Is the Gold Layer Enough?

After hearing about the Medallion Architecture, I started trying to fit my concepts of data into this architecture to give it that structure. I hoped in doing this I would be able to represent the concepts to other people. Not only to other data engineers, but also to business people I was working with.

Another challenge I ran into is based on the technology, there were a few different ways to implement this architecture. In the past I mainly worked with Microsoft SQL Server for data warehouses. I then moved on to Azure Synapse for implementing Lakehouses which gave more flexibility with having a data lake involved. This is where I started struggling with the gold concept a little bit though. Now that there was a truly defined gold layer, I couldn't quite settle on the best way to implement it. Shortly after Microsoft Fabric went to generally available, we started building out solutions for clients and this made the pattern even more muddy to me.

The gold layer is supposed to be a curated layer. It is literally the "Gold" standard of data. Just like the other layers I had some well defined rules for this layer, and this is where things fell apart for me.

Rules for gold layer:

Rule Description
1 Data in a table must be consistently the same level of granularity
2 Naming of tables and fields should be descriptive of the data they represent
3 Fields in tables should be in a data type that can be easily consumed by a semantic model or another analytics tool
4 Tables in gold must derive their data from tables in silver
5 No table in the Gold layer should depend on another Gold layer table as its source

Rule numbers 4 and 5 may seem like the same thing, but there is an important distinction between them. Using the definition of rule 4, even if you created a table in gold from another table in gold, the data ultimately comes from silver still. Introducing rule 5, it clears that ambiguity that has bugged me so much which is defining that a table in gold should not depend on another table in gold as its source for data. This explicitly closes the gap on where data can be loaded from in gold, but introduces a new problem, "How can I generate a table in gold where I need curated data from another table in gold?". This is where I started introducing the "Platinum Layer".

Introducing the Platinum Layer

The Platinum Layer is the new curated layer. This is where data should be consumed by semantic models or other analytics tools.

You may ask, "So what is the point of the gold layer then?". I am glad you asked. This changes the purpose of the gold layer to be more of a "Normalized" layer. This will be easier to explain using some real world systems to use as an example.

There is a very well known software out there called SAP S/4HANA, which most people just call SAP. It is an ERP (Enterprise Resource Planning) software that supports activities for companies such as purchase orders, sales orders, deliveries, accounting, and other functionality.
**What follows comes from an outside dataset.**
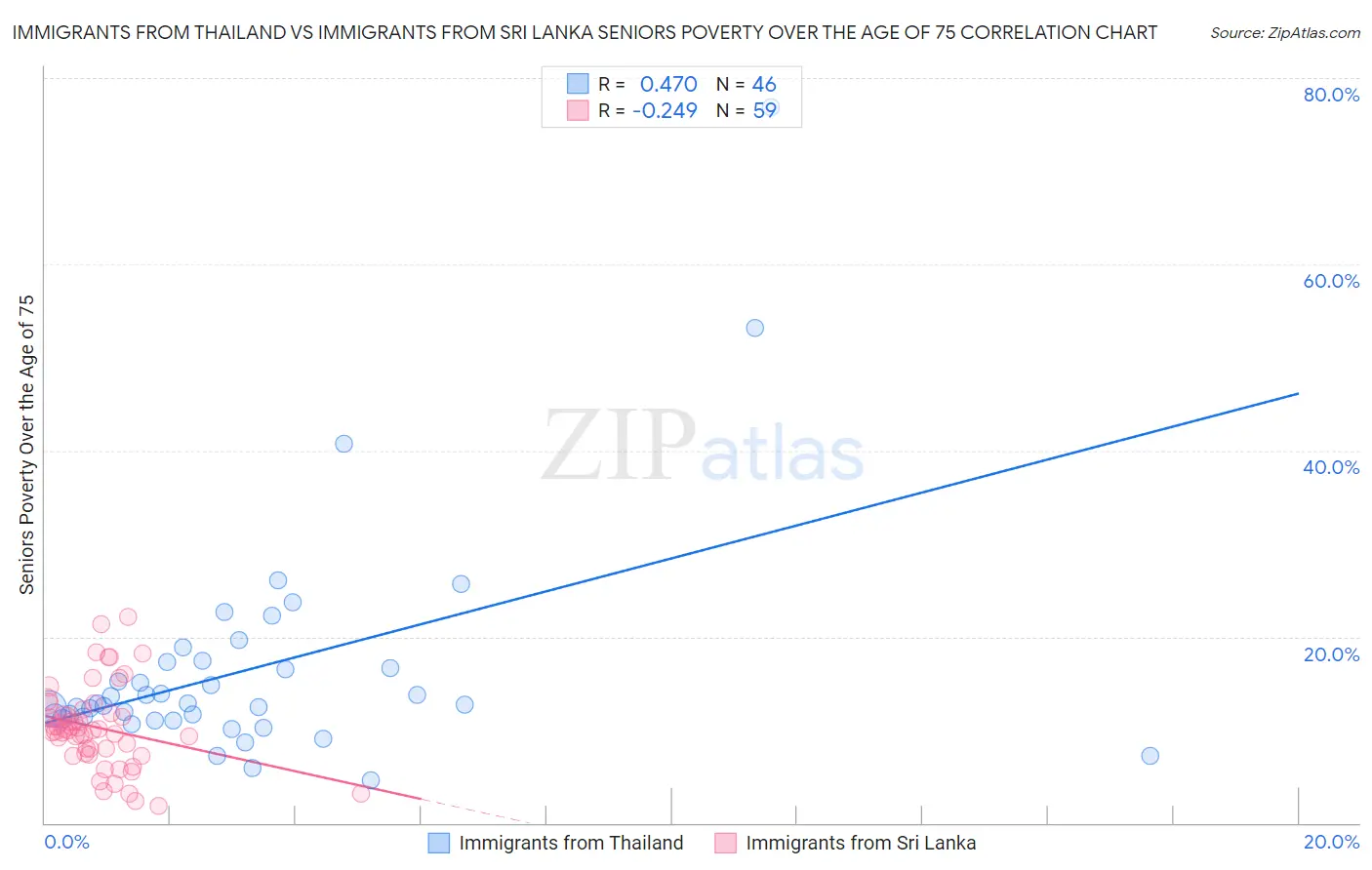 Immigrants from Thailand vs Immigrants from Sri Lanka Seniors Poverty Over the Age of 75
It has quite a complex and large database with many tables. Some tables in the database work together for different purposes. In this example I am just going to look at sales orders and how you would promote the data through the medallion architecture.
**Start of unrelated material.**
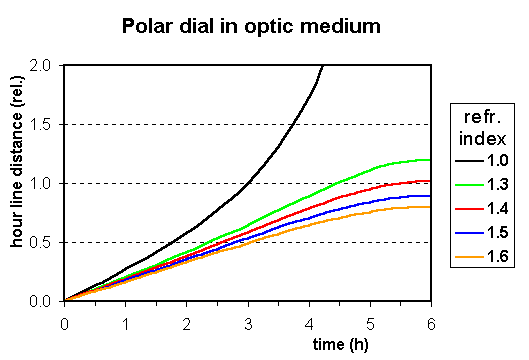 Linearization of polar dial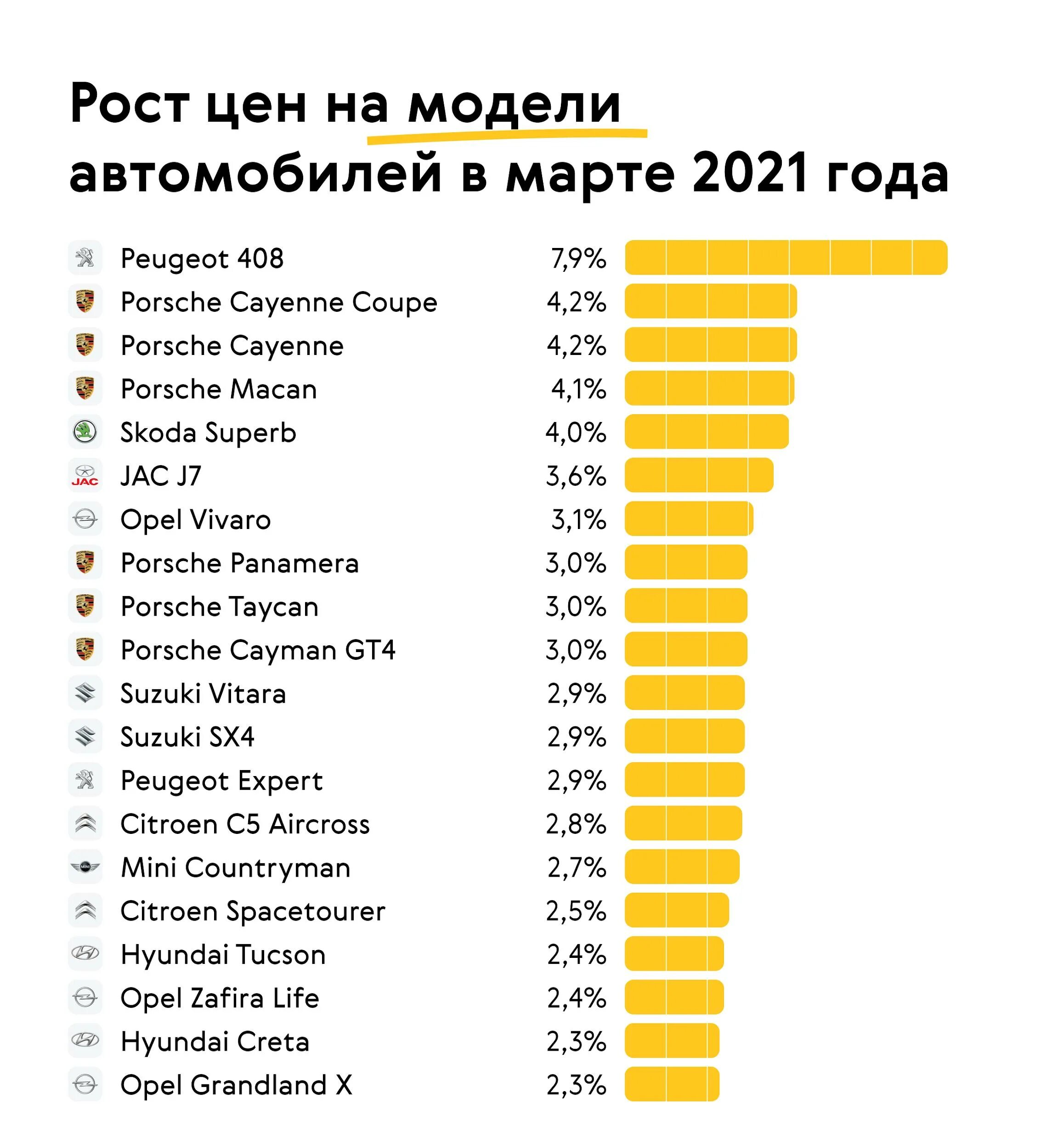 Насколько подорожали машины в 2021 году. Стоимость автомобиля за 20 лет. Какие марки авто подорожали меньше всего. На сколько поднялись цены в России.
First, we will define some tables that are commonly used. I know these are not the SAP descriptions of the tables, but they are close enough for the purposes of this example.

Table Description
VBAP Line item data for sales order
VBUP Line item status for sales order
VBAK Header data for sales order
VBUK Header status for sales order

This is how the data would generally flow through the layers. The next section will clearly define the rules for these layers if you want to use it as a reference.

Bronze Layer As our raw layer, in bronze we would simply pull the four tables in by their name so that we have an exact copy of the source tables in bronze.
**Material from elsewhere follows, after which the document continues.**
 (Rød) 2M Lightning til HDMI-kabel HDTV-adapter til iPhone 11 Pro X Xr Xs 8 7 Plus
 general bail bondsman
Silver Layer As our enriched layer, in silver the tables again would be named like they would be in the source system. At this point we will declare data types for the columns and dedupe any data from the bronze layer.

Gold Layer As our normalized layer, in gold we will have only two tables. We will have an [OrderDetail] and [OrderHeader].

VBAP and VBUP will combine to become [OrderDetail] and VBAK and VBUK will combine to become [OrderHeader].

Platinum Layer As our curated layer, in platinum we can now create tables to be consumed by different semantic models.

Option 1. We can create an orders table that has a granularity of order detail that repeats all the order header information on each line. This is a pretty typical use case.

Option 2. We can create a General Ledger table from bringing in the BSEG table from SAP and then combining that with our new OrderHeader table since most of the data in BSEG is at the order header and not the order line detail level. If we combined the BSEG with the OrderDetail table, it would create a cross join and blow out the number of records in that table.

Creating tables for Option 1 and Option 2 in the Gold layer would have violated rule 5 of the Gold Layer rules defined earlier. This is because in both options, the tables that are created would rely on the [OrderDetail] and/or [OrderHeader] to be created which means a Gold Layer table would rely on the data from another Gold Layer table.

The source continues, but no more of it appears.